As we heard from the member for Scarborough—Guildwood, perhaps the preeminent expert in this House on the history of Parliament and its procedures, there probably was an noble purpose for ten percenters. Originally, I think the idea was that members could send them to people in their constituency. As MPs we are supposed to, it is incumbent upon us to communicate with our constituents.

We are allowed to do four householders a year and most of us do all four. Those are legitimate and reasonable. When I do householders, I do not put the Liberal message all over it. , I represent all of the people in my constituency. I would challenge anybody to look at the householders I have sent out or, on occasion, the ten percenters that I sent out in my own constituency. They deal with things like the Boys and Girls Club, a local theatre group called Eastern Front Theatre, the Public Good Society, Circle of Care furniture banks and things like that. To me that is a legitimate and reasonable purpose of ten percenters.

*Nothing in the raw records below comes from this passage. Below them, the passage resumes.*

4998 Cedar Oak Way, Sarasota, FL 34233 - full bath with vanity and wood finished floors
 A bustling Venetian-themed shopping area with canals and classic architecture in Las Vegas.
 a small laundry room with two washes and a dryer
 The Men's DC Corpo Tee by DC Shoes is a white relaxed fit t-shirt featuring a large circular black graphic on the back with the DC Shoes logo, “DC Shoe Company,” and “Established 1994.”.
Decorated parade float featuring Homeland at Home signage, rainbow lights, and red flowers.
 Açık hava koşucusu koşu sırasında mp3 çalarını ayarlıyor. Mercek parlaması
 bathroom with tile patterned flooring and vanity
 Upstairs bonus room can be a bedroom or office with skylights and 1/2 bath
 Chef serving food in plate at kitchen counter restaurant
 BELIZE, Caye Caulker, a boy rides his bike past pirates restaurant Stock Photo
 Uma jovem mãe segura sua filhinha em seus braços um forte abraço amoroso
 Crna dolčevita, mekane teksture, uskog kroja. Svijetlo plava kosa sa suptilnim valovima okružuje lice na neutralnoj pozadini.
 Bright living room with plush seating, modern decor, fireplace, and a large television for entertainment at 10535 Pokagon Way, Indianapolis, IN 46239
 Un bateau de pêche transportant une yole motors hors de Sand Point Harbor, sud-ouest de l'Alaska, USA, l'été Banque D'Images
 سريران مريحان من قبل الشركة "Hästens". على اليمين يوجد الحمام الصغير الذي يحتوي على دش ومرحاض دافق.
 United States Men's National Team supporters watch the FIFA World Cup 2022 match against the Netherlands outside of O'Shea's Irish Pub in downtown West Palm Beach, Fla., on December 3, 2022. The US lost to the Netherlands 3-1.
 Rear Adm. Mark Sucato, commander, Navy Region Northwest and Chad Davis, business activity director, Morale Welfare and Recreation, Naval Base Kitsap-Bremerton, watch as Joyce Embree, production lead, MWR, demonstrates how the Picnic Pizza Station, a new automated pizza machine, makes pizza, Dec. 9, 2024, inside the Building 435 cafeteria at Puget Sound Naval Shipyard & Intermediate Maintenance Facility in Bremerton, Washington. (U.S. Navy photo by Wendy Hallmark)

However, in the last number of years things have changed and I understand. People say that as an MP we have a responsibility to communicate around the country, but these have become absolutely and completely political. It has gotten totally out of hand. The mailings today are largely controlled out of various leaders' officers or party offices and the messages are negative and brutally partisan. MPs often do not even know what is going out under their own names.

It is very costly, as the Taxpayers Federation singled them out last week for special attention. All parties do it. It is true, though, that the government has raised it to a high art form, or perhaps a low art form.

We heard today the members from Mount Royal and Sackville—Eastern Shore indicating how these mailings had been abused and turned into virtual hate mail, sent out at government expense, carrying a partisan message, peppering the country with vicious propaganda.

At the same time, parties are building up their mailing lists for their own political purposes. Parties all do it. I do not condone anybody using ten percenters. I do not like the fact that Liberals use ten percenters. I like the fact that we do it less than anybody else on a per capita basis.

People in my riding ask me all the time why they are getting mail from the leader of the New Democratic Party the time. Some say that their wives communicate more with the leader of the New Democratic party than they do with them. They ask me who is paying for the mail, who is paying for the stuff that goes into their mailboxes, which they do not want. People do not like it and they are at the point of saying enough is enough.

If we took all of the offensive spending of the MLAs in Nova Scotia, which has rightly enraged Nova Scotians, it would be a tiny fraction of the cost just of the ten percenters. The cost in printing is estimated at $10 million. The cost in postage is more than twice that, $30 million. What could we do with $30 million?

In the Speech from the Throne last week, we heard about how the government would enhance the universal child care benefit for single-parent families. The next day in the budget we found out the total cost of that program, when it is fully implemented, would be $5 million a year. There are $5 million a year for Canadians most in need and $30 million so this garbage can be sent across the country that spreads lies and hate about other parties and individuals. If there is a juxtaposition to politics today that shows how rotten this has become, it is that. There are $5 million for those who need help and $30 million for ten percenters.

At the same time, the Canadian Council on Learning, CCSD and KAIROS were cut. The value of that cut was $7 million over five years from an organization that focuses on justice and peace. Yet there are $30 million dollars a year to sustain this ridiculous policy of sending out ten percenters that every member of the House knows in his or her heart has become completely out of hand and is a total waste of money. We could save tens of millions of dollars every year just by saying enough is enough.

I heard the members of the New Democratic Party say that they did legitimate mailings and as MPs they had to communicate with other people on specific issues. The NDP member for Vancouver East spoke sincerely about the need to deal with stakeholders.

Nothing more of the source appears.